Provided data:
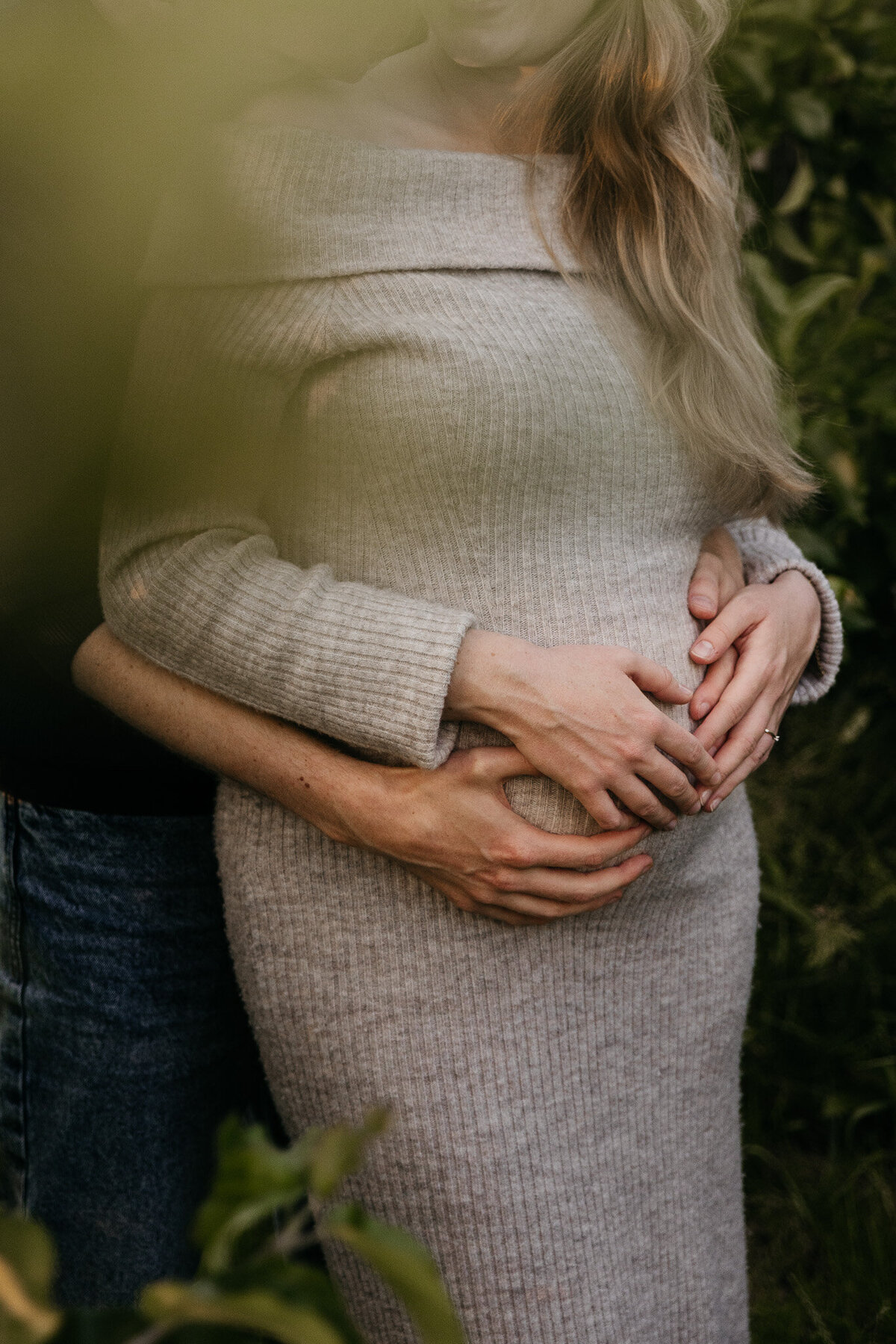 WEB - Kelly & Jonathan - Zwangerschapshoot, gezinsfotograaf, boomgaard, rhoon, buytenhof | Samantha Bosdijk Photography-10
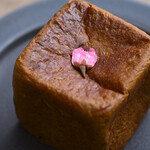 むうや - 料理写真:むうクリーム よもぎと桜＠税込500円 │ 土曜15:51頃訪問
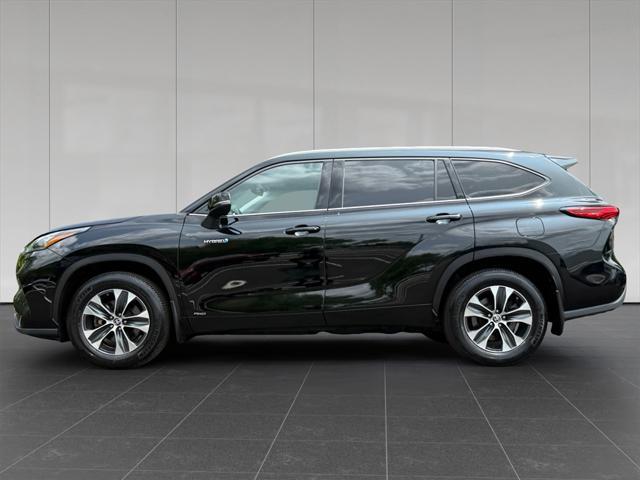 used 2020 Toyota Highlander Hybrid car, priced at $35,995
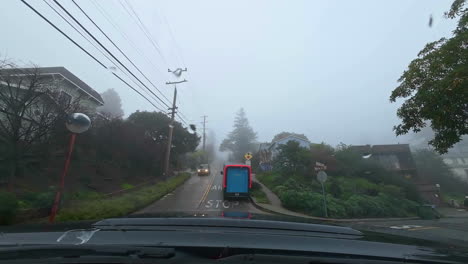 Conduciendo-Bajo-La-Lluvia-En-Una-Carretera-Empinada-En-San-Francisco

Task description: All of the material should be written out again exactly, apart from the pictures.

Finished task:
 WEB - Kelly & Jonathan - Zwangerschapshoot, gezinsfotograaf, boomgaard, rhoon, buytenhof | Samantha Bosdijk Photography-10
 むうや - 料理写真:むうクリーム よもぎと桜＠税込500円 │ 土曜15:51頃訪問
 used 2020 Toyota Highlander Hybrid car, priced at $35,995
 Conduciendo-Bajo-La-Lluvia-En-Una-Carretera-Empinada-En-San-Francisco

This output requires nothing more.